Raymond looked out the window. The gardeners were wheeling the mowers off their truck. The lawn was green already, and they’d started planting the flower beds. “Look how nice it is out there,” he said. “It’s warm enough for shorts.” He could hear the halo this time. It was thrumming like a hive. The sound filled the room, and the doctor didn’t notice. “Are you sure you have to go?”

“It won’t be long. Not even two weeks.”

Raymond didn’t sit down in his chair. He went to the window where she kept her snow globes and picked up the sleeping mermaid. He cradled her in his hand. She sat beside a treasure chest, and there were stones inside and strands of silver pearls.

He shook the globe and set it back down. He leaned over the window ledge. Three of the gardeners were gathered around the fountain. They were wet from working the nozzle. One of them had a metal brush, and he was scrubbing down the cement and the tiles around the basin. The water made a rainbow in the sun. They were working beneath it and didn’t look up, but Raymond saw it from where he was. He saw the droplets and the birds in the branches. He saw every tile and tree.

“Maybe you shouldn’t go.” He wanted to tell her that he saw bad things sometimes. That he knew what was going to happen. She should stay where she was because it was almost summer. The air was sweet, but the mountains still had their snow. “My mom says people fall off those cruise ships.”

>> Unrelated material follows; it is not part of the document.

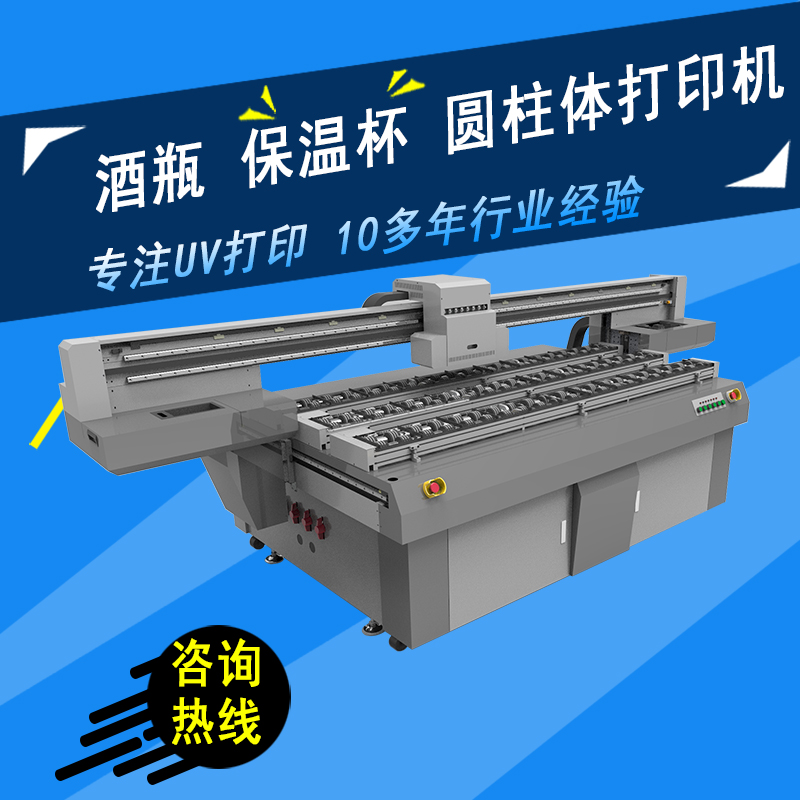 廠家直銷uv平板打印機精 廠家直銷uv平板打印機精準快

“That’s true,” Dr. Winer said. “But people can fall at home, too. And we’re just going on a little sailboat. Even if I fall they’ll turn around and find me.” It was beautiful where she was going, she told him. The water was bathtub-warm.

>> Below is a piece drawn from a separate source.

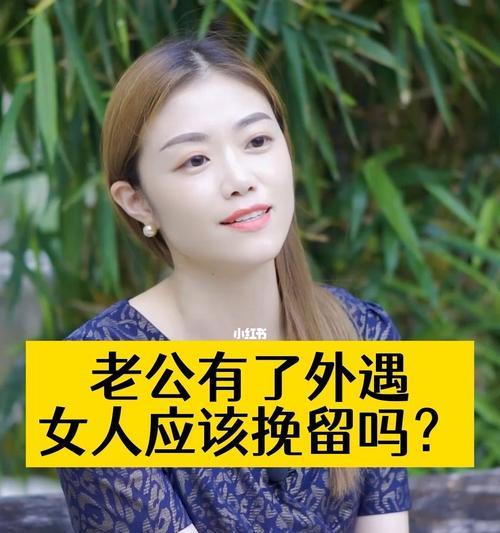 如何挽回老公的心——一个不想离婚的女人的故事（发现老公出轨后）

She turned serious again and started to ask him questions. She wanted to know about things that weren’t important. His dad was flying planes from Denver to Phoenix and staying in a hotel. His mom was working out more every day, and the veins were starting to show in her arms. All those sets he counted and her face was clenched from the strain and she didn’t look stronger when she was done. The exercise was wearing her down.

He walked back and forth behind Dr. Winer’s desk. He could hear her pen pushing against the paper, and he didn’t look at her or the cloud over her head. Her computer was humming and the halo, too, and he wanted to cover his ears. It’d be a blessing if his eyes went cloudy. He could go outside then. He wouldn’t have to look at the ground. He’d pray for people he couldn’t see, and he wouldn’t feel their passing.

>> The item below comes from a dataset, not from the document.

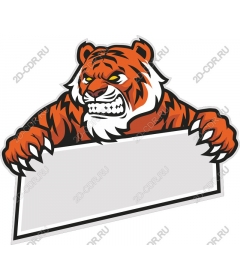  The roar of a tiger with a custom sign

His mother rang the office bell before the hour was over. Her watch was always a little fast. Dr. Winer stood up at the sound. She went to the window and picked up the mermaid. “Keep her,” she said. “This one’s always been your favorite. I could tell from the first day you came.”

She set it in his hands. Before he could say no or give it back, she pulled him in for a hug. She hadn’t done that before, and he held on to her and didn’t let go, not until his mother came through the door.